L'uomo ha spiegato di essere stato arrestato dalle autorità egiziane dopo aver scritto una canzone che su Youtube nel gennaio 2016 aveva raggiunto «mezzo milione di visualizzazioni». Ricorda: «Un amico mi disse che la polizia stava venendo ad arrestarmi, ho cancellato il filmato e ho lasciato la mia città. Mi hanno arrestato al Cairo il 25 gennaio a piazza Tahir. Mi hanno preso il documento e portato via con loro».
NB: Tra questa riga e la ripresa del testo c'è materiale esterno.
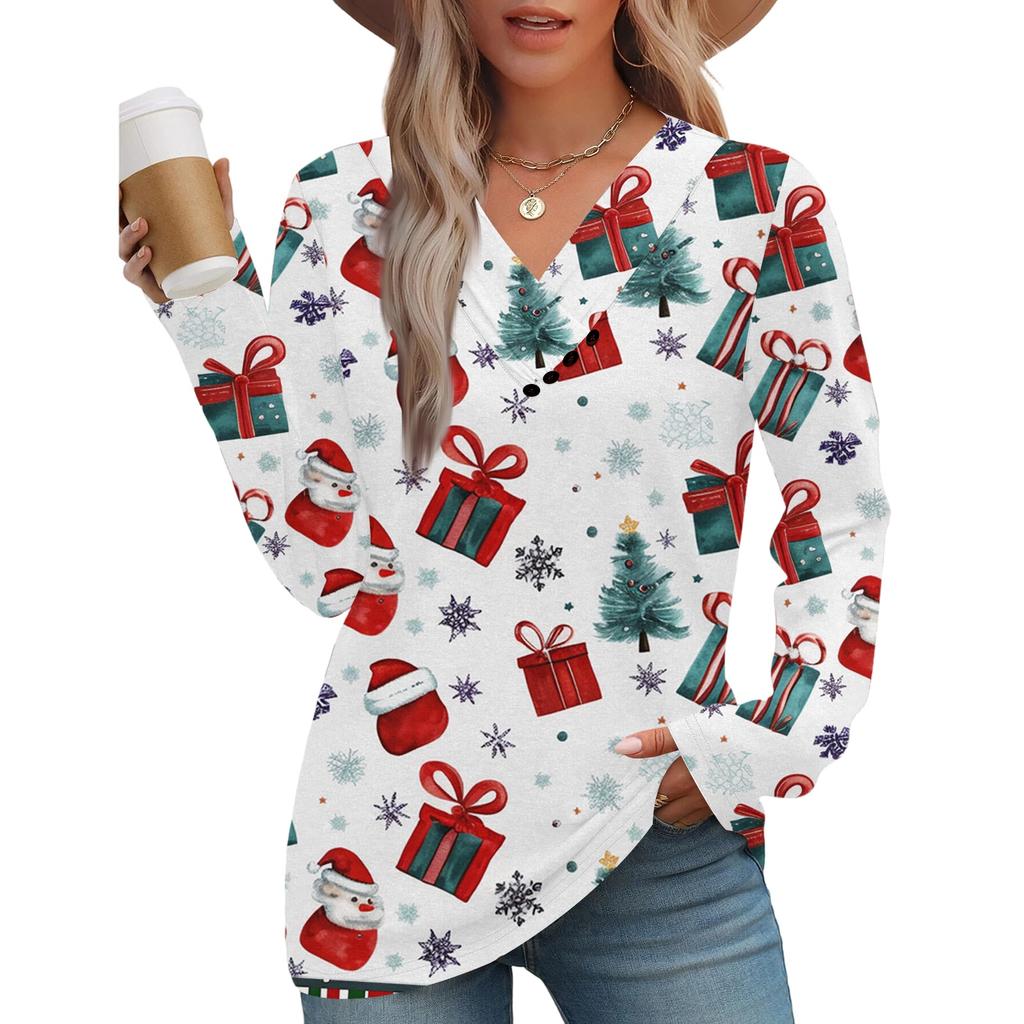 Women's Fashion Casual V-neck Pleated Christmas Long Sleeve Top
In commissariato l'incontro con Giulio Regeni
«Vengo portato al primo piano, sono poi entrato: c'era un corridoio e mi hanno fatto sedere» conclude e vede Giulio Regeni: «In commissariato stava parlando con un ufficiale. Ho visto un ragazzo italiano di altezza media, aveva un jeans e una maglietta con una felpa, mi pare fosse azzurra. Aveva circa 30 anni, forse poco più». È il ritratto del testimone del giovane giornalista Giulio Regeni, in risposta alle domande di Colaiocco -. Portava la barba, ma era molto corta. Era in piedi e parlava in italiano con un ufficiale. Io ho detto: "sta chiedendo un avvocato"».
Delta: «Voleva un avvocato, e gli hanno tolto cellulare»
Poi ci hanno portato via, ci hanno fatto salire a bordo di un auto e ci hanno bendato gli occhi. Lui in auto ha continuato a chiedere di un avvocato, parlava in italiano». Il teste racconta poi del perché sa parlare in italiano, con qualche parola, ricordando di aver lavorato «in una società italiana per due anni e conosco qualche parola della vostra lingua» e quindi continua il racconto drammatico nelle ultime ore di Giulio Regeni: «L'ufficiale mi rispose: "fatti gli affari tuoi... vuoi fare l'interprete? Parla arabo meglio di te"».
Delta ricorda che potevano essere state «le ore 20 o le 21», quando ha visto che Regeni, «aveva un cellulare, ma è stato spento e gli è stato tolto». Insieme al telefono, «anche il portafoglio e i documenti».
Testimone Delta: «Bendati in auto, verso il "cimitero dei vivi"»
«Ci hanno picchiato. Io sono stato legato alle maniglie del letto e hanno usato la scossa elettrica. Porto ancora i segni sul mio corpo, ho segni su un braccio, ho in tutto cicatrici di 5 o 6 centimetri sulla tempia sinistra. I segni sul braccio sono coperti da una serie di tatuaggi e risalgono a quel luogo e a quei giorni» .
Il testimone, davanti alla prima corte d'Assise, ha quindi proseguito nella ricostruzione di quelle drammatiche ore: «Siamo stati portati in una sede di sicurezza dello Stato, noto come il "cimitero dei vivi". Giulio venne accompagnato nella sezione per gli stranieri. Non l'ho più visto. Ma sentivo quando veniva picchiato, perché eravamo in stanze vicine: quando si tratta di torturare le persone questi non fanno differenze: non sono razzisti».